Let $\mathcal H = L^2[0,1].$ Define an operator $T : \mathcal H \longrightarrow \mathcal H$ by $Tf(x) = \displaystyle {\int_{0}^{x} f(y)\ dy.}$ Show that for all $n \geq 1$ $$T^n f(x) = \int_{0}^{x} \frac {(x-t)^{n-1}}{(n-1)!} f(t)\ dt.$$
Clearly this result holds for $n=1.$ Let the result hold for $n.$ Then $$T^{n+1} f(x) = T^n(Tf(x)) = \int_{0}^{x} \frac {(x-t)^{n-1}}{(n-1)!} \left (\int_{0}^{t} f(y)\ dy \right )\ dt.$$ Another way of writing it down is $$T^{n+1} f(x) = T(T^nf(x)) = \int_{0}^{x} \left (\int_{0}^{y} \frac {(y-t)^{n-1}} {(n-1)!} f(t)\ dt \right )\ dy.$$ From here how do I conclude that $$T^{n+1} f(x) = \int_{0}^{x} \frac {(x-t)^n} {n!} f(t)\ dt\ ?$$
Any help in this regard will be warmly appreciated. Thanks for your time.
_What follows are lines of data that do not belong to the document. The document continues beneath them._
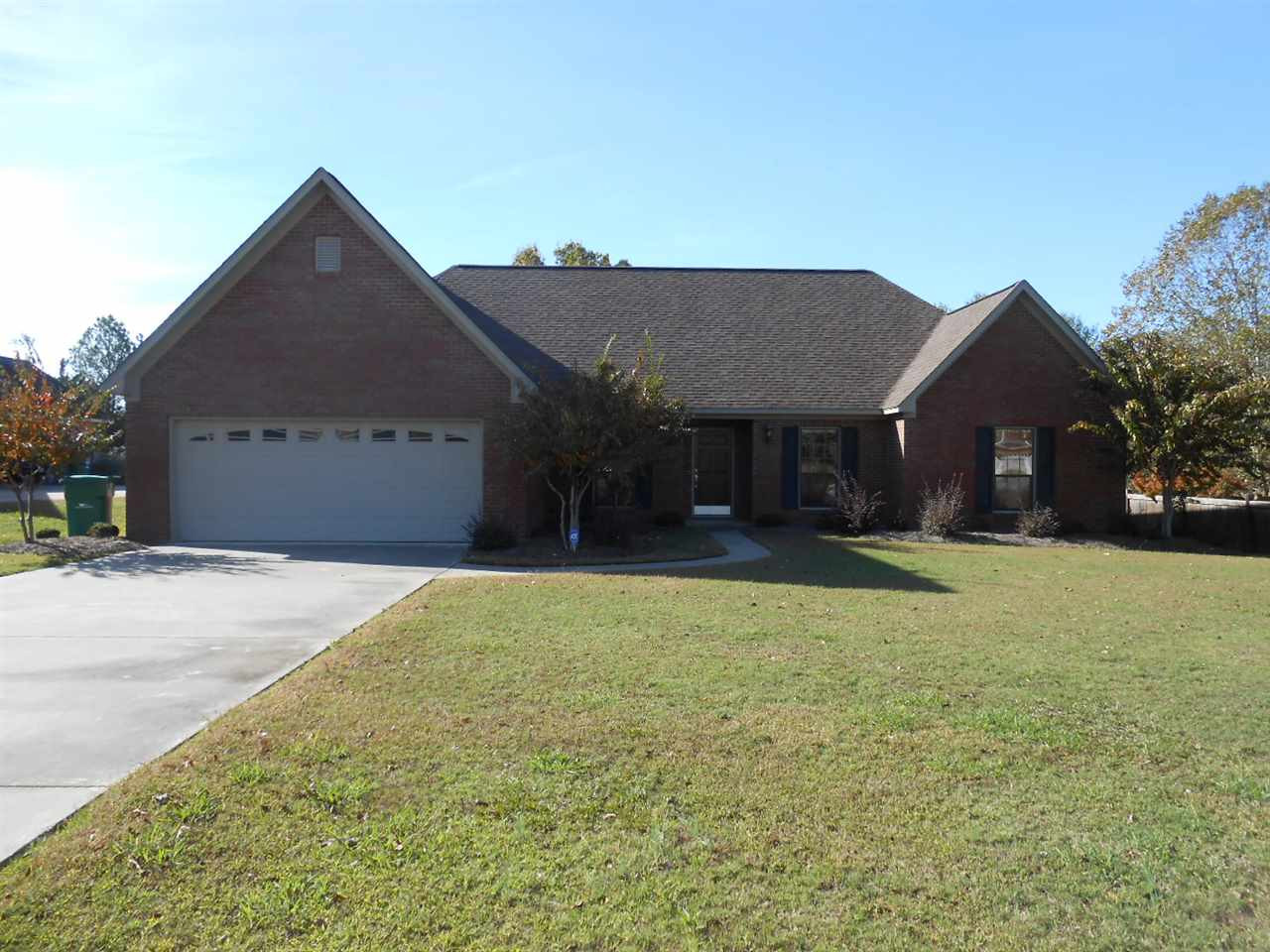 229 Trace Ridge Road Kosciusko, MS 39090 - Photo 1 of 50 Photo 1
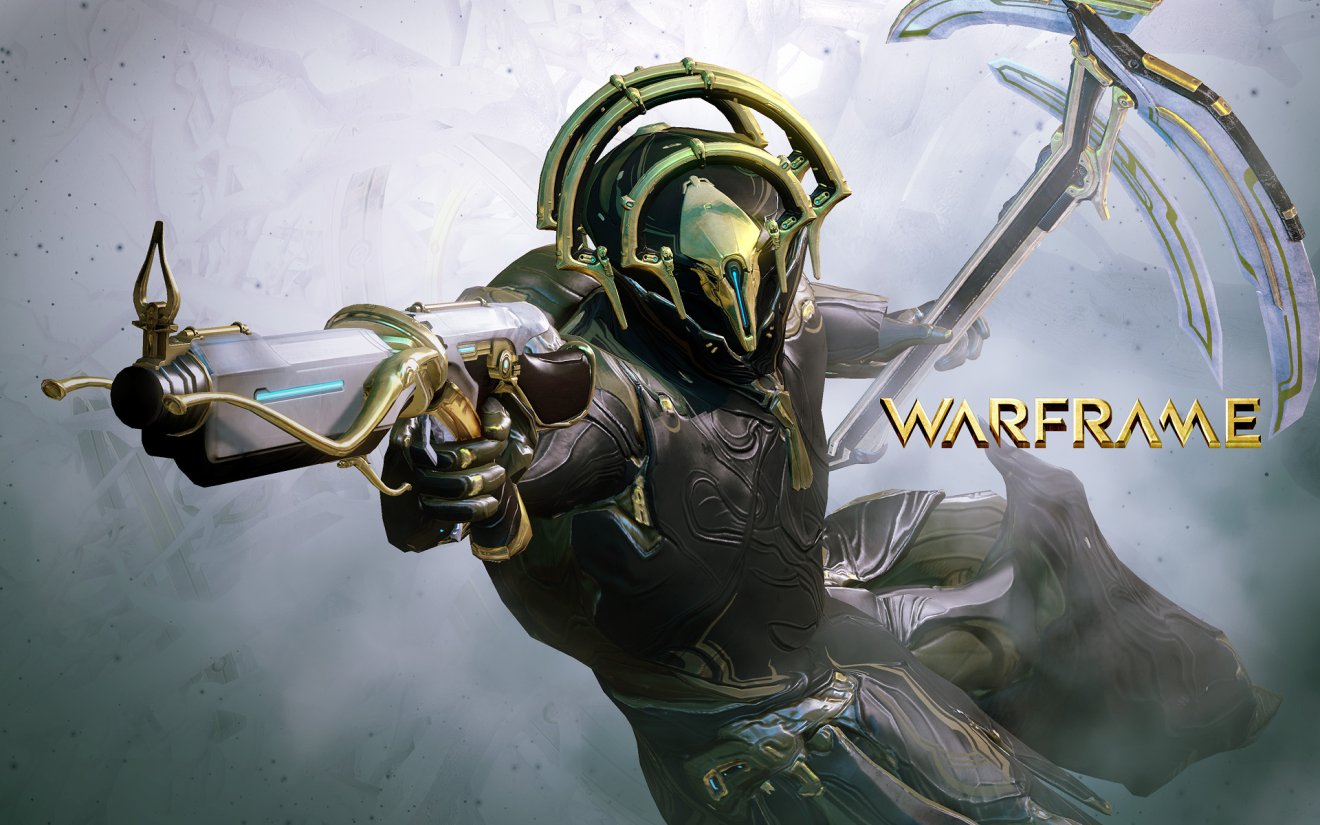 Digital Extremes ขอกระโดดมาร่วมเเจมฝั่ง Nintendo ส่ง Warframe ลงให้กับ Nintendo Switch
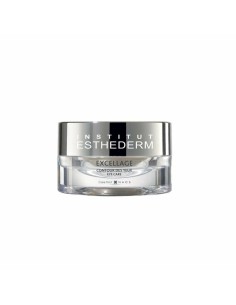 Cream for Eye Area Institut Esthederm Excellage 15 ml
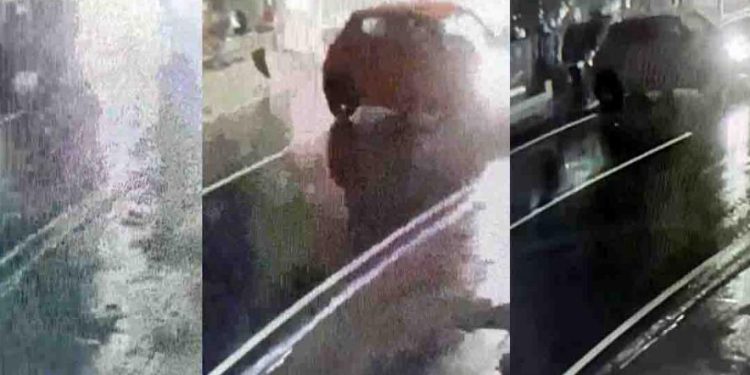 ഹോട്ടല് ഉടമയെ വാഹനം ഇടിച്ച് കൊല്ലാന് ശ്രമിച്ചതായി പരാതി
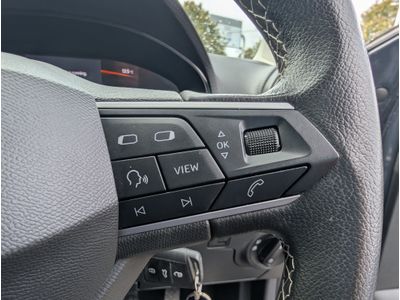 2024 SEAT Arona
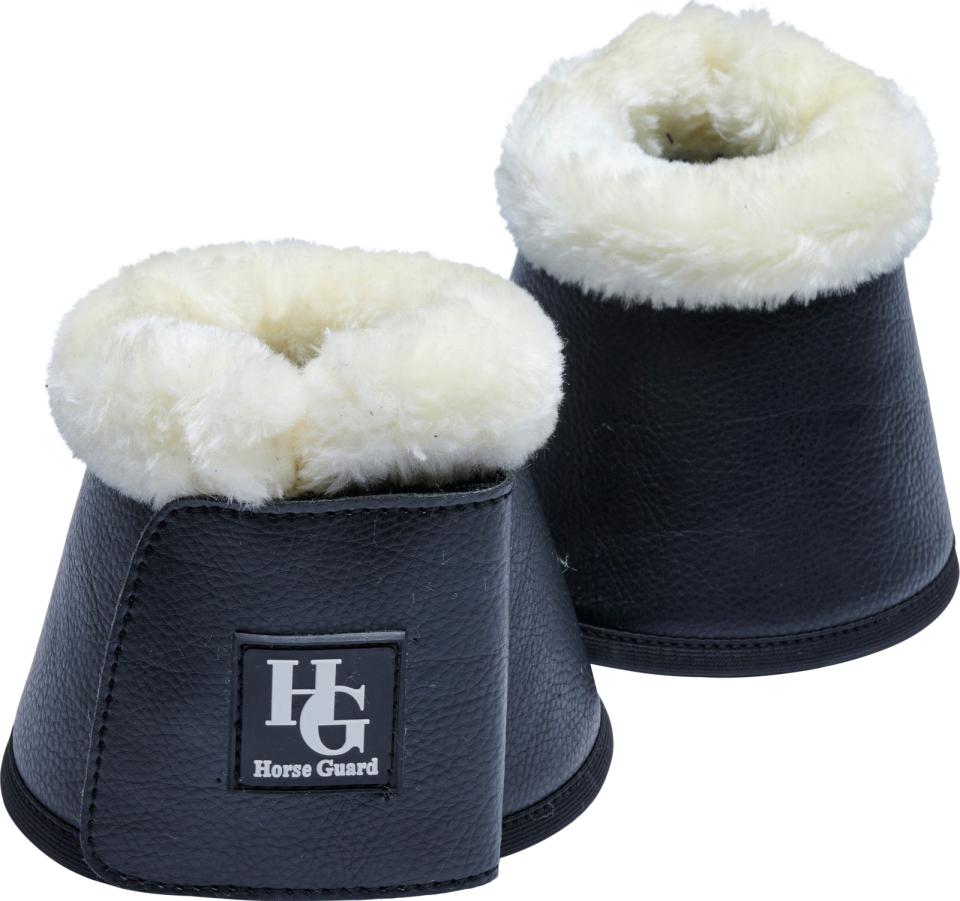 HorseGuard Ava klocker m/päls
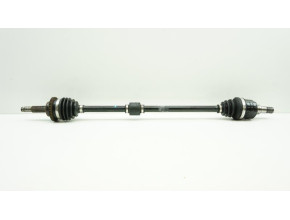 Cardan droit (transmission) pour CHEVROLET SPARK PHASE 1 Cardan droit (transmission) pour CHEVROLET SPARK PHASE 1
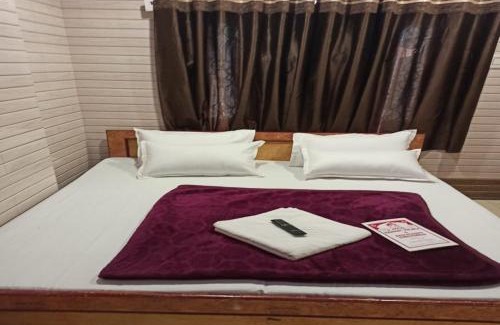Ajmer Hotel | Hotel Raahat Palace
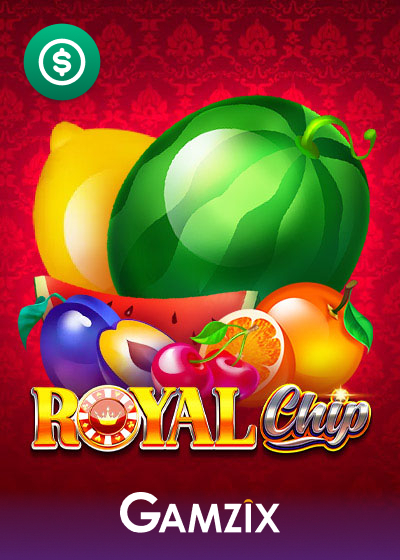 Royal Chip
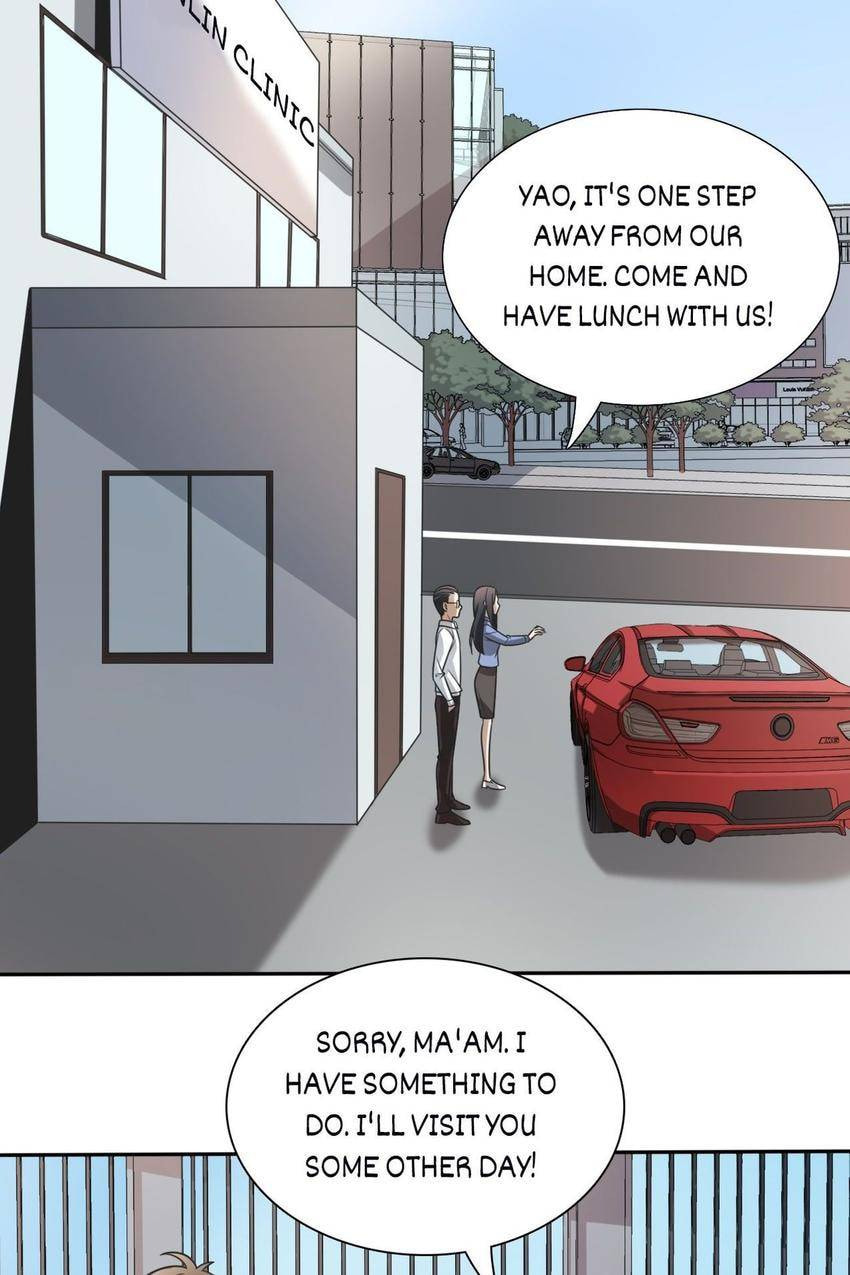 Read Pieta (Colored) chapter 6 image 14 on Lezhin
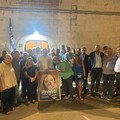 Inaugurata la nuova sede di Fratelli d'Italia a Giovinazzo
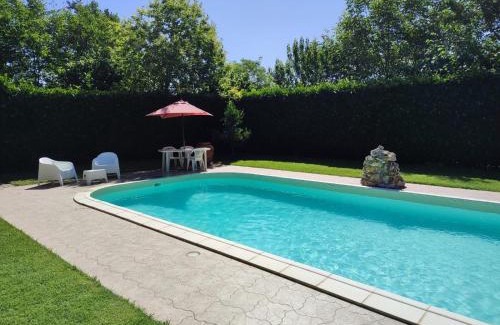 Montesano sulla Marcellana Cabin | Chalet in montagna con piscina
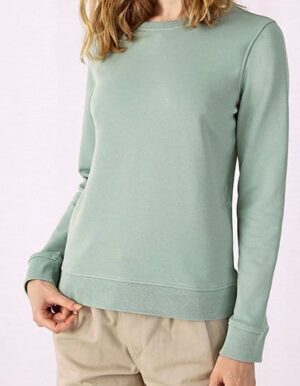 Inspire Crew Neck Sweat /Women_°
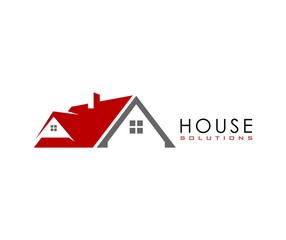 House logo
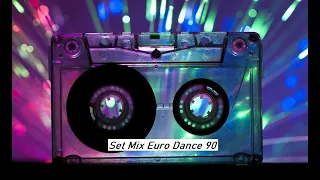 Eurodance (volume 63) só vinil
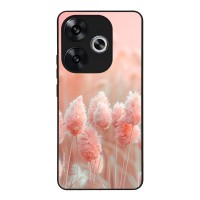 Θήκη Sonique Sunset in Eden Series για Xiaomi Poco F6 5G Pink Mirage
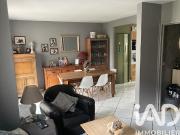 Vente Maison 4 pièces 84 m2 Clermont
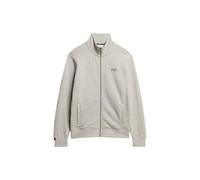Superdry Sweat Essential Logo Track d6v Varsity Grey Grindle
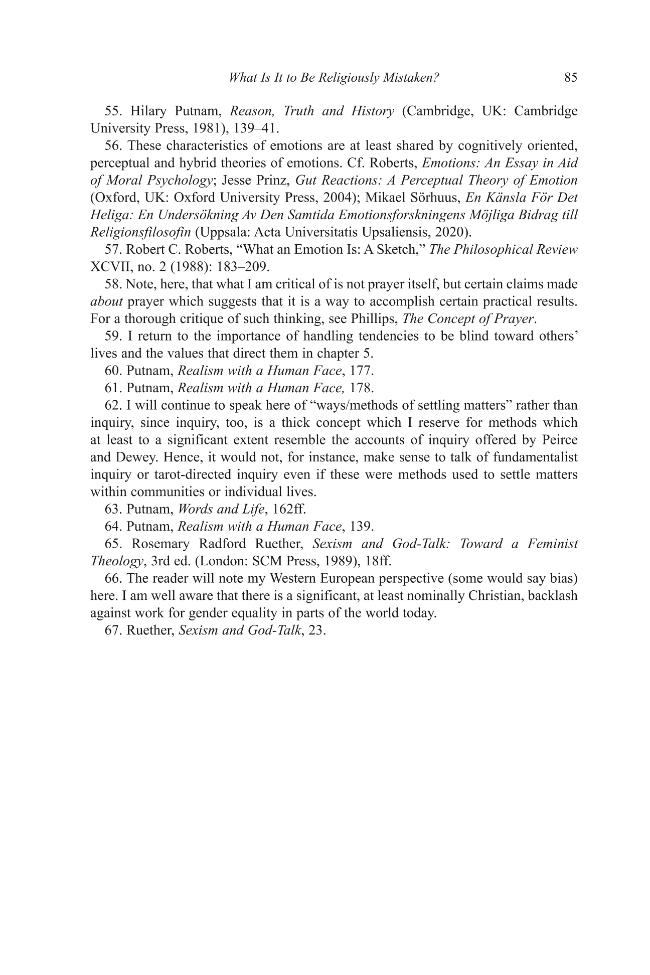 Sample page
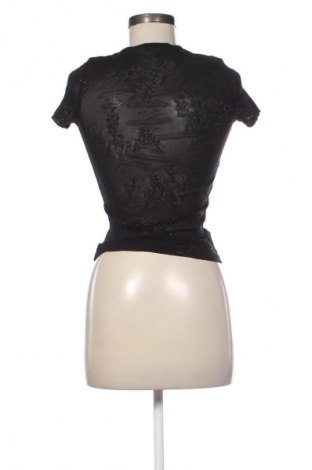 Дамска блуза Kookai, Размер XS, Цвят Черен, Цена 16,36 €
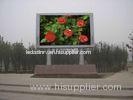 2R1G1B Large P20 Outdoor LED Display Board , Advertising LED Screen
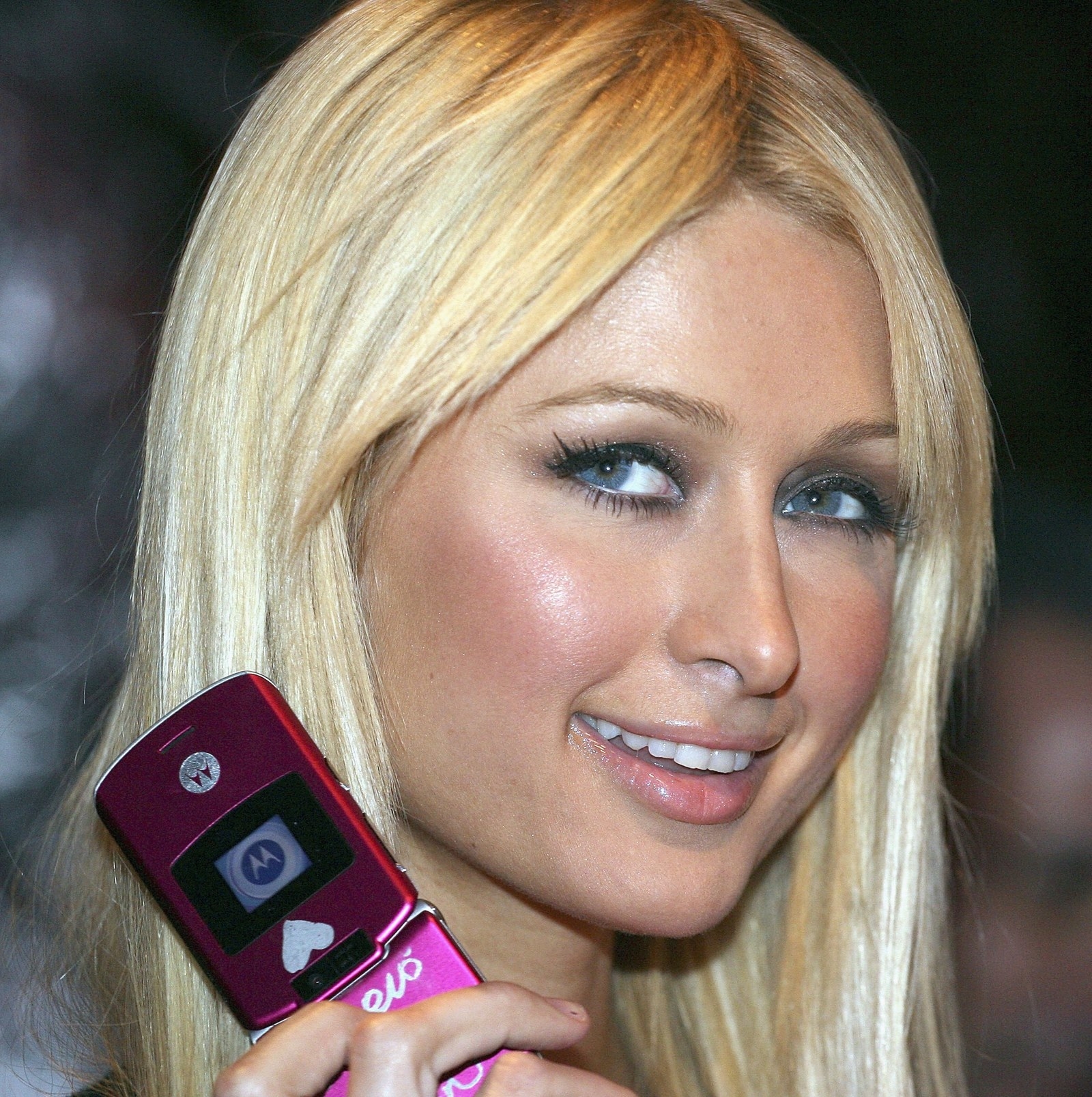 The best color Razr period.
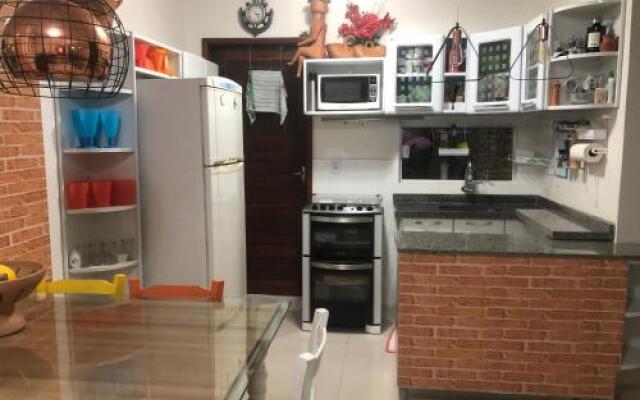 Lençois Ville Residence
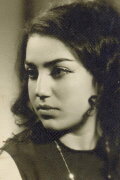 Mayranush Grigoryan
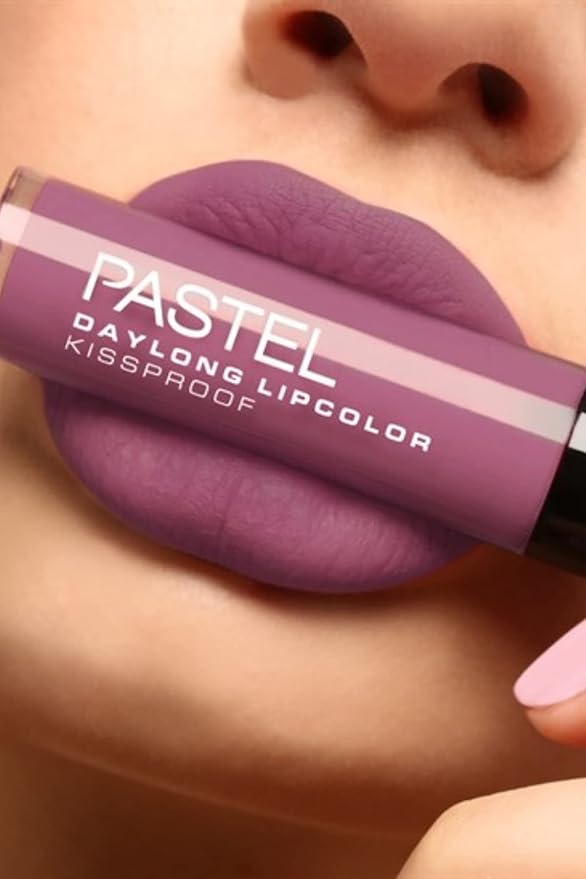Daylong 29, Ink Liquid Lipstick, Long-lasting Matte Finish Liquid Lip Makeup, Highly Pigmented Color, Exhilarator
Change the order of integration for the induction step: \begin{eqnarray*} (T^{n+1}f)(x) & = & \int_0^x(T^nf)(y)\mathrm dy \\ & = & \int_0^x\int_0^y\frac{(y-t)^{n-1}}{(n-1)!}f(t)\mathrm dt \mathrm dy \\ & = & \int_0^x \int_t^x\frac{(y-t)^{n-1}}{(n-1)!}f(t)\mathrm dy \mathrm dt \end{eqnarray*} Can you finish?